On Jun 7, 2010, at 6:12 AM, Florent Hivert wrote:

     Hi there,

I've question concerning handling of hash value vs portability. Is sage
developer guide manual one can read:

Here is the definition of __hash__ from the Python reference manual.

       Called for the key object for dictionary operations, and by the
built-in function hash(). Should return a 32-bit integer usable as a
       hash value for dictionary operations.

However with ipython (on a 64 bits machine):

   In [1]: hash(None)
   Out[1]: 140504985179472

which definitely does looks like a 32 bit value. Moreover, it seem that in python ref man, [2], the sentence about 32-bits has been removed. So I have
two questions:

1. I think we should update the devguide, or is there something I don't get ?

No, we should update the developers guide. Despite this sentence, the (c) return type of "hash" has been a long since Python 2.3 at least, so I think this wasn't ever correct for 64-bit long machines. (What was required is that it fit into a Python int.)

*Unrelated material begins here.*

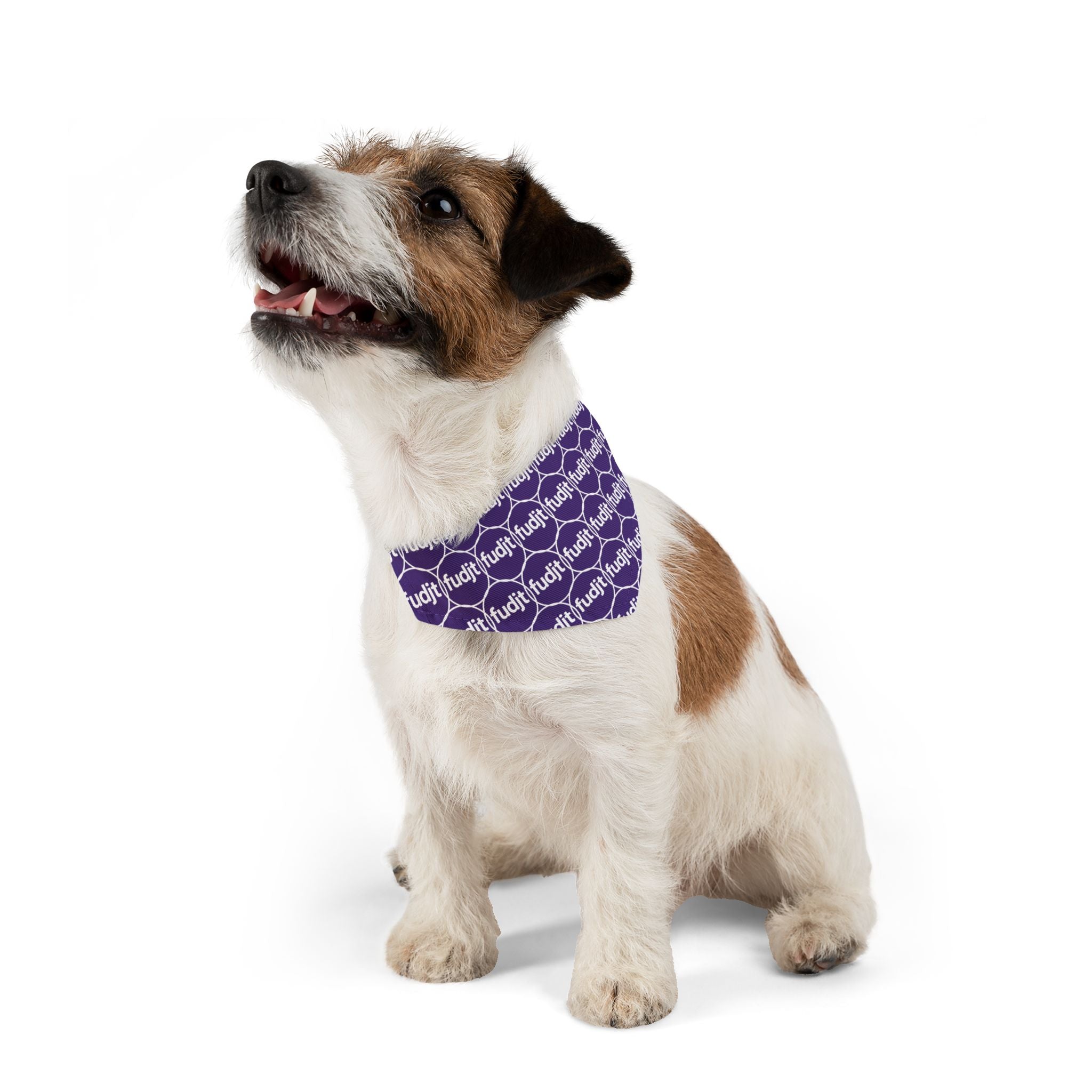 Purple Unbroken Chain 1.25  Bandana Collar for Dogs, Cats & More | 4 Sizes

2. I'm writing a Cython class which caches the hash value. Which type should I use for the attribute ? int doesn't work since when trying to store the
  hash of None in an int I get

     OverflowError: value too large to convert to int

Is long ok and portable (it is was is used in a few place in sage) ? Should
  we write it in the doc ?

Yes, we should be using C longs here. Under the hood

Python int = C long != C int
Python float = C double  != C float

and Python longs have no (native) C equivalent.